By Edited Aug 25, 2015 3 0

So, How Does iWriter Actually Work?
When discussing the pros, cons, advantages, and disadvantages of iWriter, as a content outsourcing platform, it is important to understand the dynamics of the platform itself. While my next article installment in this series will go into detail regarding how the site actually operates and how you can tactically leverage the inherent functionality of the site to make more money, for this article it is important to understand that there are essentially two sides, perspectives, or groups of people who will utilize the website.
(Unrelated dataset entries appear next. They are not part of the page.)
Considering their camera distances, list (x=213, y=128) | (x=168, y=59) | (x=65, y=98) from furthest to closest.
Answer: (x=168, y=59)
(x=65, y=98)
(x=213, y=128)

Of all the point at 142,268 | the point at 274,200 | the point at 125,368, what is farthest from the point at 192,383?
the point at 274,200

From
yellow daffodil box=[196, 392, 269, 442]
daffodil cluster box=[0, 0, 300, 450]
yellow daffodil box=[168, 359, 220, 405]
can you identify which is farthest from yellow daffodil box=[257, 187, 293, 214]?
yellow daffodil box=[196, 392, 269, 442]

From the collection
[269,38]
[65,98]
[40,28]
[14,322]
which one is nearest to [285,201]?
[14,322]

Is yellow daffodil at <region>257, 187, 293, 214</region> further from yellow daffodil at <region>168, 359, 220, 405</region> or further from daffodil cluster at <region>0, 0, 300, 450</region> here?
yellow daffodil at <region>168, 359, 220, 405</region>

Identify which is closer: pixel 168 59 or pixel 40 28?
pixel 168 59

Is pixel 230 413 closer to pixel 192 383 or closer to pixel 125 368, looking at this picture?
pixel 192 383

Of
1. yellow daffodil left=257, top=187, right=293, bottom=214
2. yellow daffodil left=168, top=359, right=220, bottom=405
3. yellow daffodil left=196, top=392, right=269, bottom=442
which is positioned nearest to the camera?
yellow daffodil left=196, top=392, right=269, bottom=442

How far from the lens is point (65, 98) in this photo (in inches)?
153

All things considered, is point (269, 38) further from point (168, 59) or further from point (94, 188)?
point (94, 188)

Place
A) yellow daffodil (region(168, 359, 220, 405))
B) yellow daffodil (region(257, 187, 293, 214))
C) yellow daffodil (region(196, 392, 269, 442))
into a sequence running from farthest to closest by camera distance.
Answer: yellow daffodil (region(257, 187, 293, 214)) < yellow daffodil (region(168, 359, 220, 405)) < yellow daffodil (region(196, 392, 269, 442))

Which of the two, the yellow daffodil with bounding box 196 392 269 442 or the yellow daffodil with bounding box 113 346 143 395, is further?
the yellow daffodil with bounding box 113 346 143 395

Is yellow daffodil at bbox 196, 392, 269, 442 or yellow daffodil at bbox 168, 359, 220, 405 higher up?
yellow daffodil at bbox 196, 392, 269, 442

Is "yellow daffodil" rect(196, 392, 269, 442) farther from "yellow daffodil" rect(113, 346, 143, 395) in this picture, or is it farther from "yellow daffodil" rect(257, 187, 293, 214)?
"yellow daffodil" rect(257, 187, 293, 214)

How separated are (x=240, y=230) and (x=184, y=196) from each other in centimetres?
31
In a supply and demand-type system, these two sides of the platform are:
  • The Article Requester or Content Buyer (The website says "For Businesses" below...)
  • The Article Writer or Content Provider
    iWriter 2

Because of the dual faceted composition of the iWriter platform, there are essentially two basic fundamental ways to make money from it: by either writing content yourself, or by having content written for you and later using that content to realize some kind of marketing gain through the provision of affiliate links or the display of Google Adsense ads. Whether you wrote an article yourself, or your outsourced the content creation, there are many things you can actually do with your completed product:

  • Post it to your own blog.
  • Post it to a Web 2.0 revenue sharing website platform, like InfoBarrel.
  • Post it to an article submission directory, such as EzineArticles, GoArticles, or Article Alley.
  • Seek out and achieve content syndication.
  • (Do you do something different with your articles, than those items that were already mentioned? Mention them down in the comment's section, please....)
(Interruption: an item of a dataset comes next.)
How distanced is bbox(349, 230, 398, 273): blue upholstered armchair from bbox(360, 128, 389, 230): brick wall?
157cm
Though this exhaustive series of articles is related directly to tips, tricks, tactics and strategies that you can apply to succeeding (i.e. making more money) on InfoBarrel itself, many of the listed approaches and methods, by their very nature, will never be limited to application on InfoBarrel alone.

Back to iWriter....

Knowing this structure of the iWriter website, a thorough and comprehensive review of iWriter will require nothing short than consideration of both sides of the platform.

Following below, I will cover pros, cons, disadvantages, and advantages of using iWriter from both perspectives mentioned above: as an article requester or content buyer and as an article writer or content provider. In complete transparency, however, I have never actually used iWriter as an article writer. While I have toyed with the idea of trying more for research sake, at the time of this writing, I have never used that side of iWriter. Since my intent is to keep this article published for a very long time, it is likely that I will try this side of iWrite some time in the future. 

Here are some pros and cons to outsourcing content to a freelance writer, as an article requester or content buyer, through iWriter:

Pros or Advantages to Outsourcing Article Writing and Content Creation:

The Good: For Article Buyers or Requesters

1)     You Can Set Your Own Price. Because I have found iWriter to be my personal favorite place to outsource article writing, this “pro” relates more to the use of that platform. One reason I love it so much is because literally, at the lowest end, you can get an article written for as low as $1.25. In fairness, iWriter isn’t the only online platform that allows you to set your own price, however, it is one that I have grown to prefer amongst a plethora of similar business models. Though you can purchase an article for as low as $1.25 a piece, I would never recommend that as, as you will see later, iWriter is structured in such a way as to allow a writer access to different pools of quality writers dependent upon an escalating payment scale that is based on 3 factors that I’ll mention later (please, see my next article installment in this series, for a pricing chart of how pricing is impacted by these 3 factors).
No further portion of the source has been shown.